- Chahardangeh-ye Shomali Rural District Location within Iran
- Coordinates: 39°02′N 47°27′E﻿ / ﻿39.033°N 47.450°E
- Country: Iran
- Province: East Azerbaijan
- County: Hurand
- District: Chahardangeh District
- Established: 1987
- Capital: Aq Beraz

Population (2016)
- • Total: 7,693
- Time zone: UTC+3:30 (IRST)

= Chahardangeh-ye Shomali Rural District =

Rural district in East Azerbaijan province, Iran

Chahardangeh-ye Shomali Rural District (دهستان چهاردانگه شمالی) (Note: Formerly Chahardangeh Rural District (دهستان چهاردانگه)) is in Chahardangeh District of Hurand County, East Azerbaijan province, Iran.

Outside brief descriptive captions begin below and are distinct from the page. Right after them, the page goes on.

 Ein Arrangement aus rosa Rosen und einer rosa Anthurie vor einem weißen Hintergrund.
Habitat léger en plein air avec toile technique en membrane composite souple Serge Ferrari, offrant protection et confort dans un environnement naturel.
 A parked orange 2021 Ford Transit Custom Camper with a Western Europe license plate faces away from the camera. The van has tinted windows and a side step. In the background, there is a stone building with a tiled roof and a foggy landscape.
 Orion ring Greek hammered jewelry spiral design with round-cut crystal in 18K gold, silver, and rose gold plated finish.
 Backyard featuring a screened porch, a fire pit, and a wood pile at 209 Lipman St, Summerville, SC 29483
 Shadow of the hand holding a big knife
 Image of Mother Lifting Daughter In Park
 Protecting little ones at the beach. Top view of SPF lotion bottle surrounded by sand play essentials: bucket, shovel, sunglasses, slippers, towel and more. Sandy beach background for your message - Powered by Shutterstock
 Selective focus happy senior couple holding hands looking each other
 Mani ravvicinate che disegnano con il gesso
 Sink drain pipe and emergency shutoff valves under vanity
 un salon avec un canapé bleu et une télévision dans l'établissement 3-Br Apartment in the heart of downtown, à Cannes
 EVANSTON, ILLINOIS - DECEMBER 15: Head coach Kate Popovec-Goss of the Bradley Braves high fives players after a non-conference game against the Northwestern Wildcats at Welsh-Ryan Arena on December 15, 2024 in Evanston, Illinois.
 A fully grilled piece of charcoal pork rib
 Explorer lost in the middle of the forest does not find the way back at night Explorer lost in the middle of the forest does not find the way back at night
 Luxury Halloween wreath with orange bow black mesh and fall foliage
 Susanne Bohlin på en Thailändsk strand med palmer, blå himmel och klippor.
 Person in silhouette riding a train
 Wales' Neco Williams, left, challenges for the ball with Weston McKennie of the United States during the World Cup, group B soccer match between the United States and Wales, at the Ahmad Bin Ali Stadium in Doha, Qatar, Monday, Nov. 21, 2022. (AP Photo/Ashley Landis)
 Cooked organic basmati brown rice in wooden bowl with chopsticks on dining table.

Its capital is the village of Aq Beraz.

==Demographics==
===Population===
At the time of the 2006 National Census, the rural district's population (as Chahardangeh Rural District of the former Hurand District in Ahar County) was 8,241 in 1,602 households. There were 7,612 inhabitants in 1,951 households at the following census of 2011. The 2016 census measured the population of the rural district as 7,693 in 2,254 households. The most populous of its 42 villages was Arnan (now in Chahardangeh-ye Jonubi Rural District), with 687 people.

In 2018, the district was separated from the county in the establishment of Hurand County. The rural district was transferred to the new Chahardangeh District and renamed Chahardangeh-ye Shomali Rural District.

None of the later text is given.